Cette année, le groupe trotskiste français Lutte ouvrière avait décidé de centrer l'essentiel des débats et forums de sa "fête annuelle"(1) autour de la lutte contre le CPE en France (cf. notre bulletin précédent) en organisant ses propres forums et aussi en invitant largement sa fraction interne à tenir les siens et à défendre sa propre position. L'apparition importante, significative, et l'intervention massive, surprenante, et nouvelle, de la fraction interne de LO, a été incitée par LO elle-même (d'après différentes discussions avec des militants de LO que nous connaissons). Jamais, jusqu'alors, cette fraction qui existe depuis plusieurs années n'était intervenue avec autant de détermination et de... militants nouveaux et jeunes (dont beaucoup ont été très actifs au sein des luttes étudiantes contre le CPE). Beaucoup plus "à droite" sur l'échiquier politique, en l'occurrence beaucoup plus enthousiaste et active dans le mouvement étudiant, elle a permis a contrario à LO de se distinguer, de s'ancrer à gauche et de présenter un langage "marxiste et classiste" des plus "orthodoxes".
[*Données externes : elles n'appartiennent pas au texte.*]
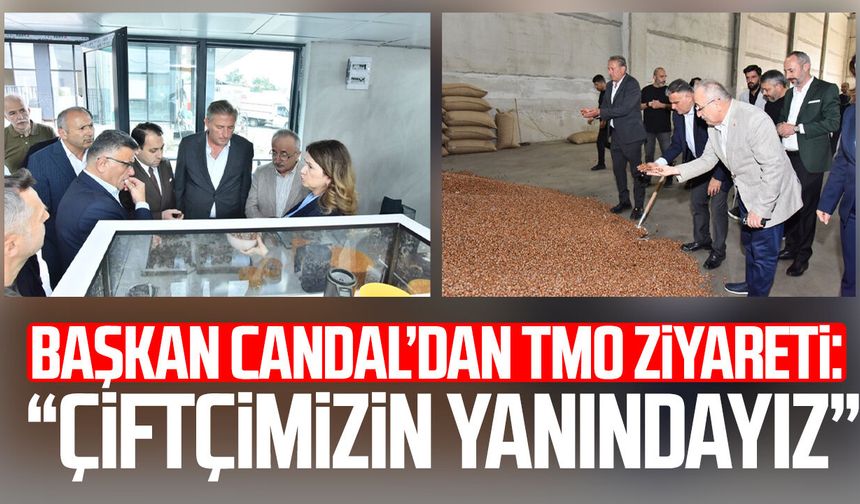 Başkan Mustafa Candal’dan TMO ziyareti: “Çiftçimizin yanındayız”
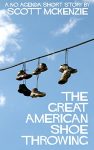 The Great American Shoe Throwing by Scott McKenzie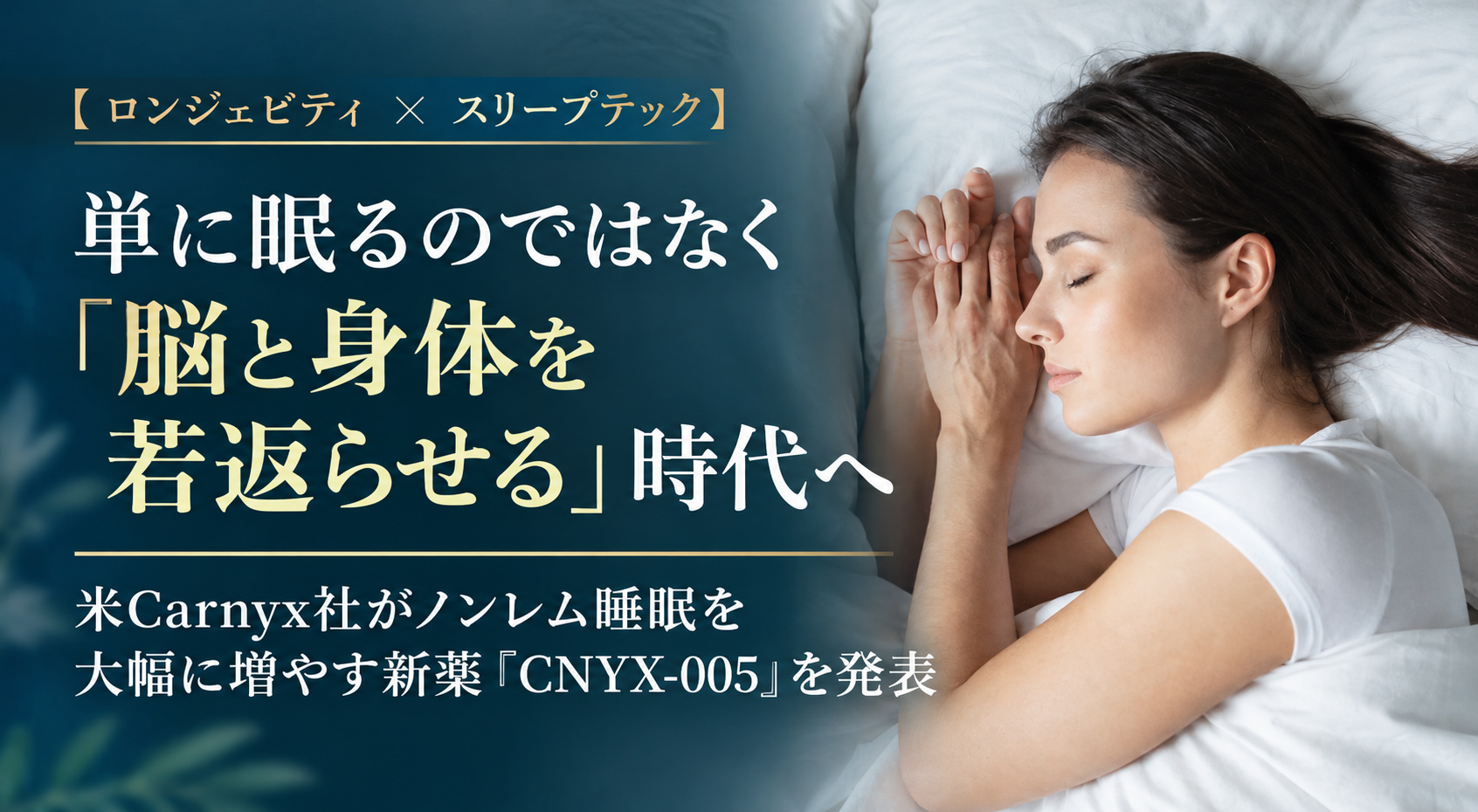 【ロンジェビティ ✕ スリープテック】単に眠るのではなく「脳と身体を若返らせる」時代へ──米Carnyx社がノンレム睡眠を大幅に増やす新薬「CNYX-005」を発表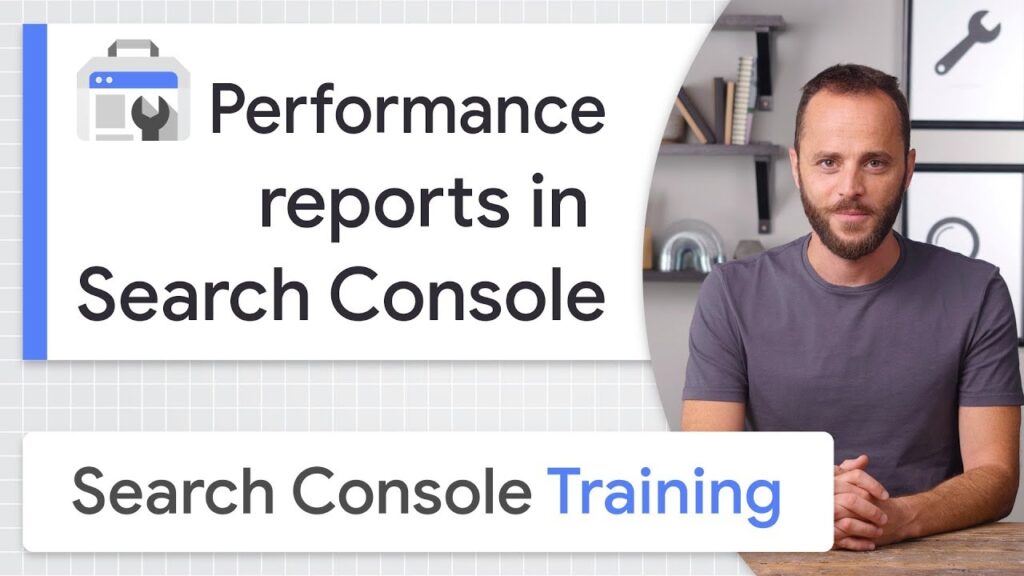 Search Console performance reports - Google Search Console training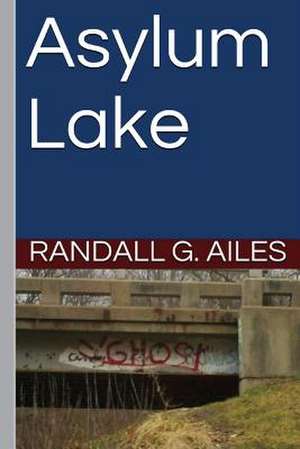 Asylum Lake de Randall G. Ailes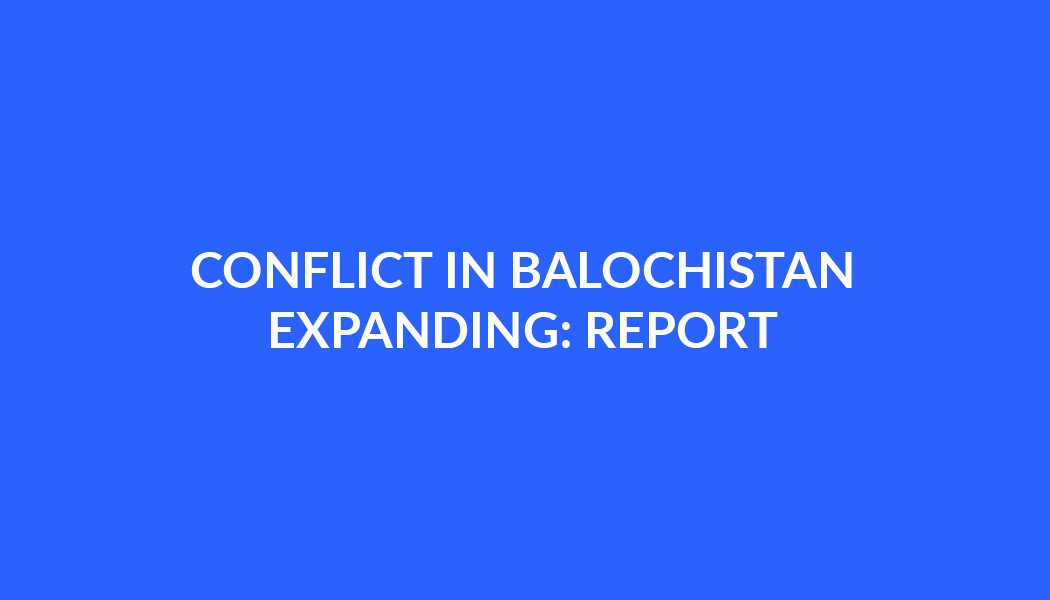 CONFLICT IN BALOCHISTAN EXPANDING: REPORT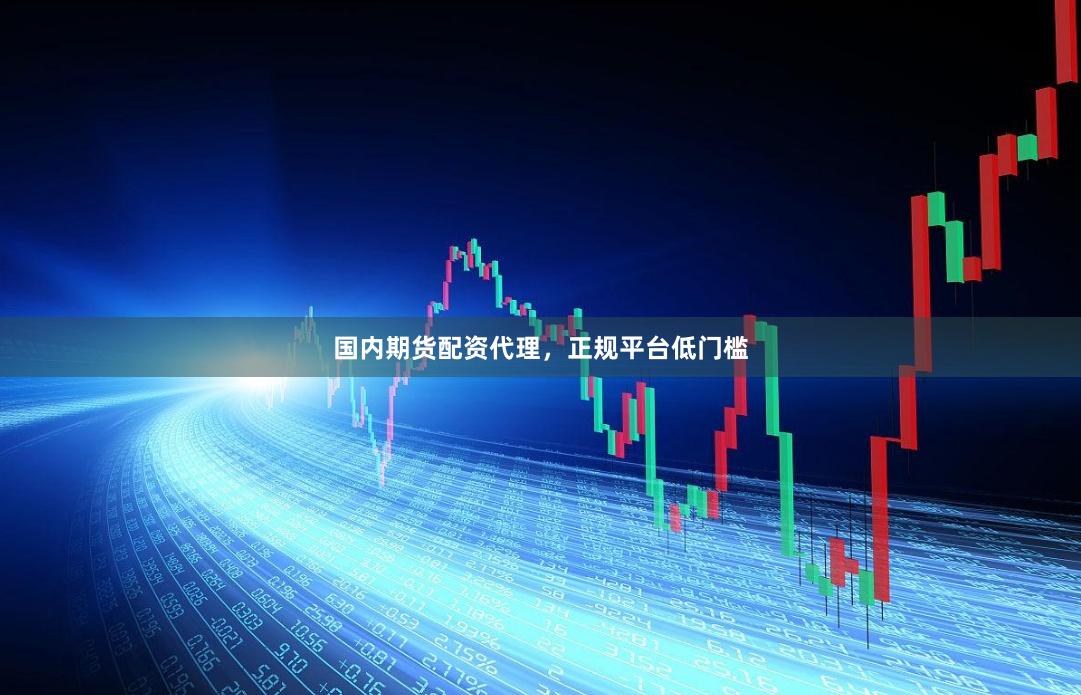 国内期货配资代理，正规平台低门槛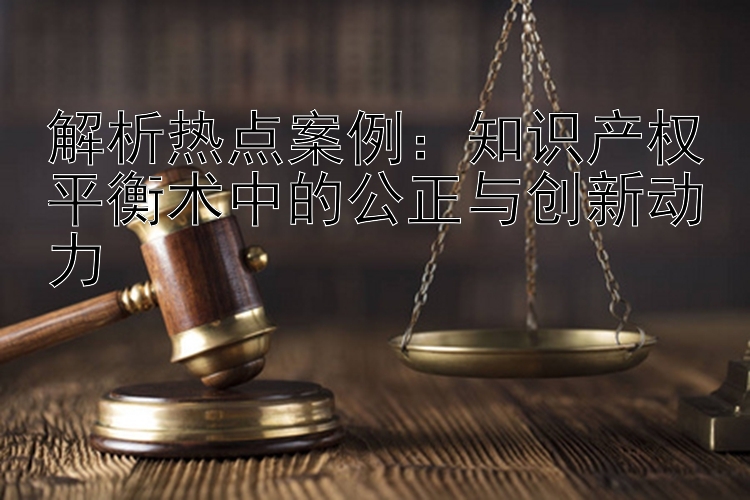 解析热点案例：知识产权平衡术中的公正与创新动力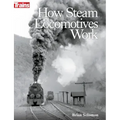 How Steam Locomotives Work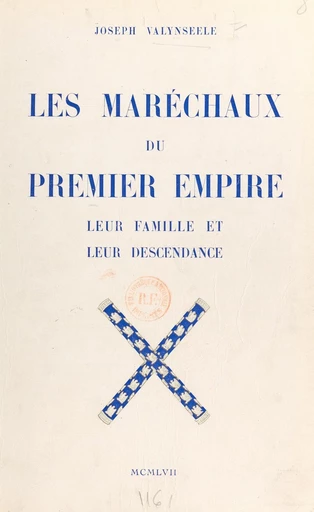 Les maréchaux du Premier Empire - Joseph Valynseele - FeniXX réédition numérique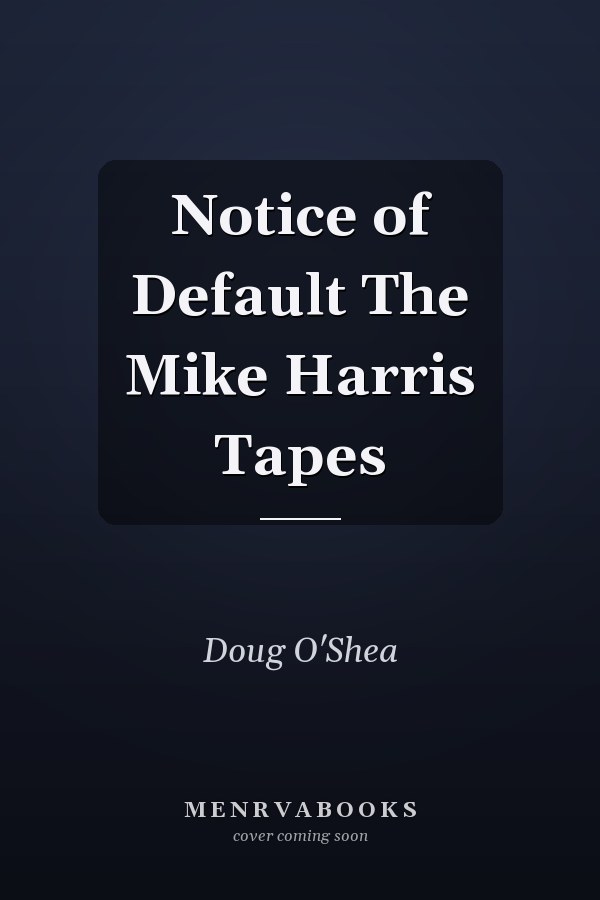 Notice of Default The Mike Harris Tapes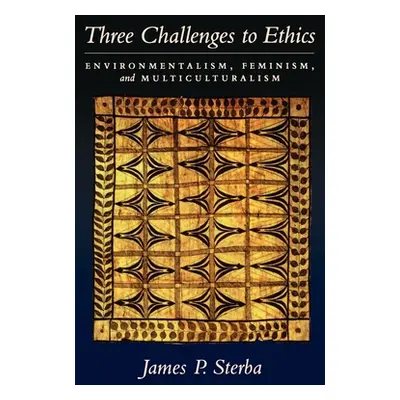 "Three Challenges to Ethics: Environmentalism, Feminism, and Multiculturalism" - "" ("Sterba Jam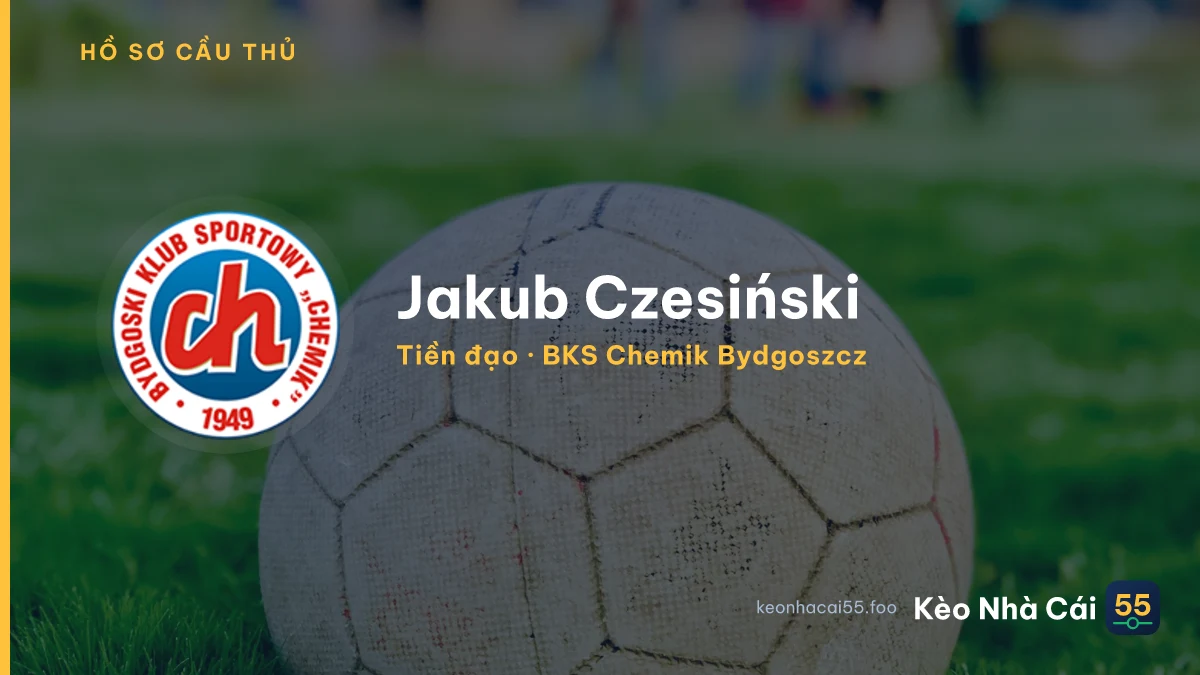 Jakub Czesiński — BKS Chemik Bydgoszcz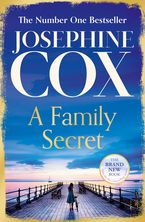 A Family Secret Paperback  by Josephine Cox
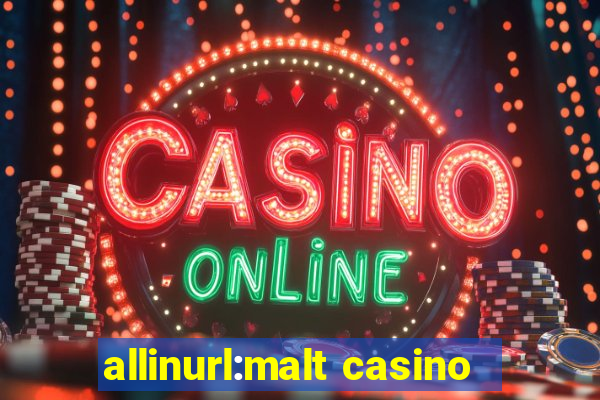 allinurl:malt casino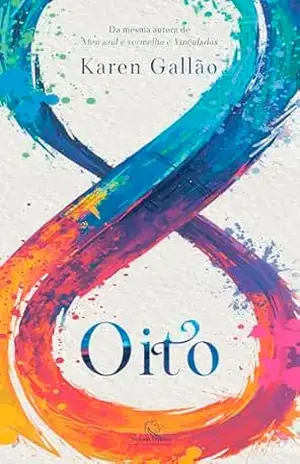 Capa do livro Oito - Karen Gallão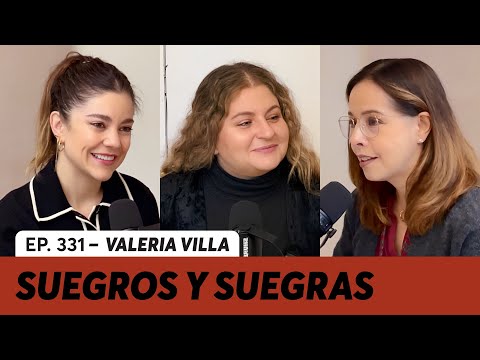 331. Suegras, suegros y familias políticas | Valeria Villa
Car, si la lutte contre le CPE a permis à la bourgeoisie française comme un tout de remettre au premier plan ses forces de gauche, PS au premier chef, dans la perspective des élections présidentielle de 2007, essayant ainsi de détourner l'attention ouvrière de ses propres luttes, les interventions de LO, tant dans ses propres forums que dans ceux organisés par sa fraction interne, ont révélé un positionnement très radical, "à la gauche de la gauche", au langage de classe et sur le terrain de classe. Contrairement et en opposition à sa fraction et aux interventions des JCR (les jeunes de la LCR eux-mêmes à la gauche de leur organisation mère), LO a mis en avant les limites de la lutte du printemps, en particulier les limites et les faiblesses propres à la partie étudiante de la classe ouvrière, en profitant au passage pour affirmer trois positions aux "couleurs marxistes" :

- attendre des syndicats qu'ils lancent l'ensemble de la classe ouvrière dans la lutte est une illusion petite-bourgeoise car ils ne le feront jamais ;

- les étudiants, par eux-mêmes, ne pouvaient étendre la lutte à l'ensemble de la classe ouvrière ;

- par contre, il appartenait à la classe ouvrière de se lancer dans la lutte et aux révolutionnaires de les appeler à le faire (tout en soulignant que visiblement la classe ouvrière n'était pas prête à se lancer dans la bagarre et qu'il s'agissait d'un mouvement à construire).

Ce positionnement radical, "ouvrier", "de classe", de Lutte Ouvrière face à la situation - crise économique insoluble, attaques contre la classe ouvrière et préparation à la guerre impérialiste qui vient aggraver encore plus les attaques contre les ouvriers - est particulièrement important. Il signifie que les forces les plus à gauche de l'appareil politique de la bourgeoisie s'apprêtent et se disposent à couvrir le terrain des luttes ouvrières. Cela veut dire que la bourgeoisie française, et avec elle pour le moins les bourgeoisies européennes, prépare son appareil politique, de la droite à l'extrême gauche, à la confrontation ouverte contre le prolétariat et aux luttes que ce dernier sera - est déjà ! - contraint d'engager résolument.

Face à ce dispositif, la photo que nous fournit la fête de LO sur l'état et la capacité de confrontation politique de la part des groupes internationalistes, particulièrement de la Gauche communiste internationale, est assez inquiétante. Quelle faiblesse ! Politique et militante. Certes, la capacité d'intervention politique de ces groupes a décliné depuis plusieurs années. Mais, cette année, justement après le renouveau - aussi limité soit-il - des luttes et des grèves ouvrières, on pouvait s'attendre, sinon à un regain, pour le moins à un arrêt de ce déclin et à une énergie renouvelée. Il n'en a rien été.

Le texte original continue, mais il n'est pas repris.